Hepatic steatosis, which is characterized by the accumulation of triglycerides (TG) in hepatocytes, is strongly associated with metabolic impairment in this species. Animal models of diet-induced hepatic steatosis are particularly useful to investigate the mechanisms underlying this metabolic disease. Previous studies report that RSV protects against diet-induced hepatic steatosis in murine models (Andrade et al. 2014). For example, RSV reduced body fat, total cholesterol, TG, plasma transaminases, and insulin in mice fed for 60 days with a HFD. In addition, messenger RNA (mRNA) expression of acetyl CoA carboxylase (ACC), peroxisome proliferator-activated receptor γ (PPARγ), and sterol regulatory element-binding protein 1 (SREBP-1) was significantly suppressed in these mice (Andrade et al. 2014), all of which encode proteins involved in adipogenesis. Ponugoti et al. showed that SREBP-1c acetylation was elevated in diet-induced obese mice and that hepatic overexpression of SIRT1 or treatment with RSV ameliorated this change, supporting the use of RSV for the treatment of metabolic disorders (Ponugoti et al. 2010). RSV also increased metabolic rate and reduced fat mass in wild-type but not in AMPKα1−/− mice fed a HFD and failed to increase insulin sensitivity, glucose tolerance, and mitochondrial biogenesis if either AMPKα1 or α2 was absent (Um et al. 2010). Furthermore, RSV maintained glucose homeostasis in mice fed a HFD by activating the phosphoinositol 3-kinase (PI3K) and SIRT1 signaling pathways (Wang et al. 2014).

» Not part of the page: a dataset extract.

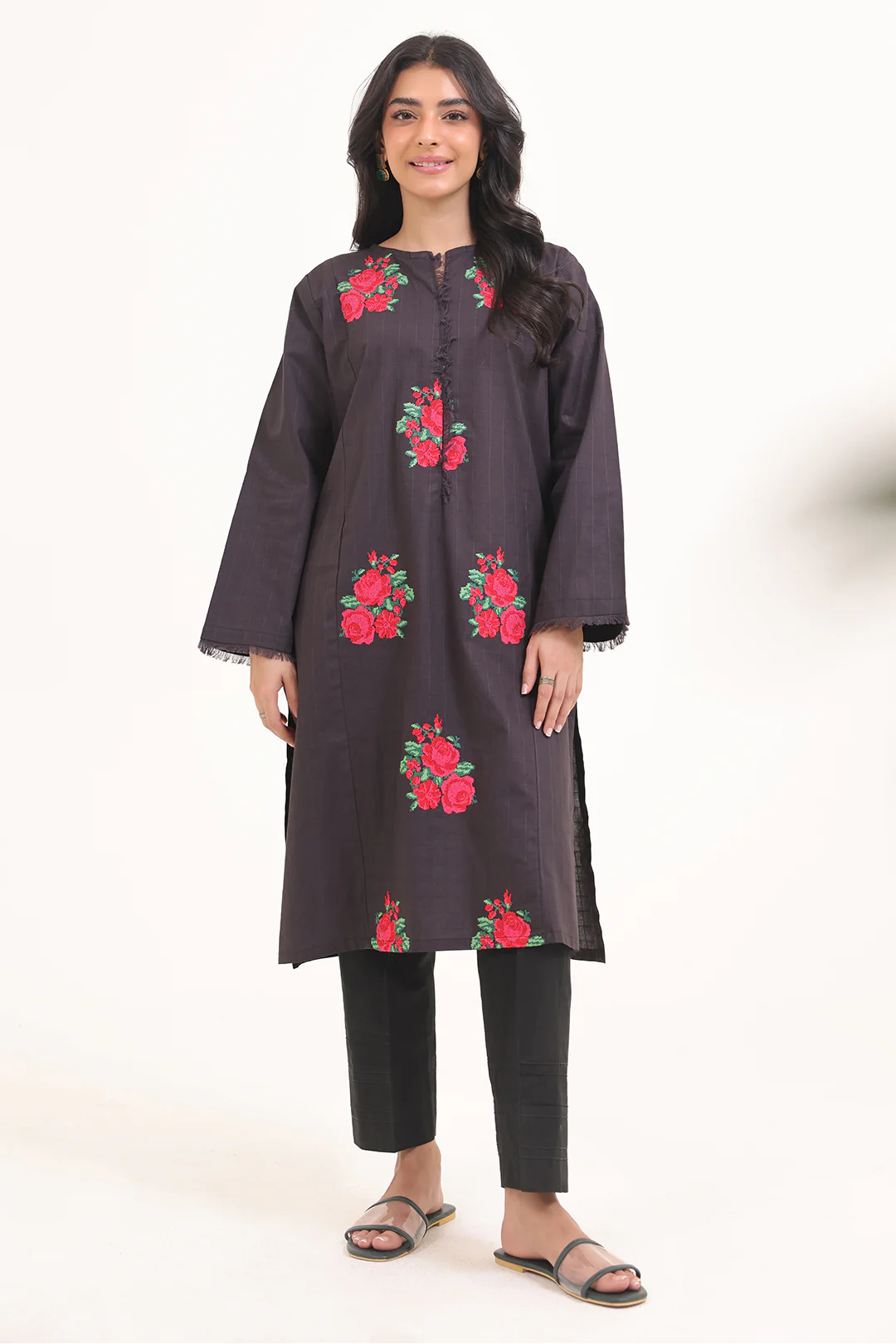 Embroidered Kurta - 1387 - Image 2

Although the effects of RSV have been widely studied in terrestrial animals, it is not known whether RSV supplementation has beneficial effects in HFD-fed fish. Accordingly, the present study aimed to investigate the potential benefits and possible mechanisms whereby RSV might regulate lipid and glucose metabolism in blunt snout bream. A deeper understanding of the role of RSV in modulating biological markers of HFD-induced hepatic steatosis should indicate its potential as a therapeutic substance for fish.

Materials and methods

Experimental fish and feeding trial

Juvenile blunt snout bream obtained from the Fish Hatchery of Guangling (Yangzhou, China) were reared with commercial diet in floating net cages in a pond. The nutritional ingredients of commercial diet are very similar to those in the normal diet we used in our experiment (Table 1). After 2 weeks of acclimation, 320 fish (weight 27.99 ± 0.56 g; length 11.13 ± 0.78 cm) were randomly assigned into five groups and fed with a diet containing normal levels of fat (NFD, 5% fat, w/w), a HFD (11% fat, w/w), or a HFD supplemented with 0.04, 0.36, or 1.08% RSV (purity 99%; Hubei Jusheng Technology Co., Ltd., Hubei, China) for 10 weeks. Each group had four net cage replicates (L × W × H: 1.0 m × 1.0 m × 2.0 m), each housing 16 fish. The fish were hand-fed to apparent satiation three times a day (6:00–6:30, 12:00–12:30, and 18:00–18:30). During the trial period, fish were reared under the following conditions: water temperature, 25–29 °C; dissolved oxygen, 5.0–7.0 mg/L; pH, 7.2–7.6; photoperiod; and natural light. The formulations and approximate compositions of the experimental diets are described in Table 1. All dietary ingredients were finely ground, well mixed, and pelleted by a laboratory pellet machine (MUZL 180, Jiangsu Muyang Group Co., Ltd., Yangzhou, China). The extrusion temperature of the diets is 80–90 °C. After drying, all diets were kept at − 20 °C in a fridge until used.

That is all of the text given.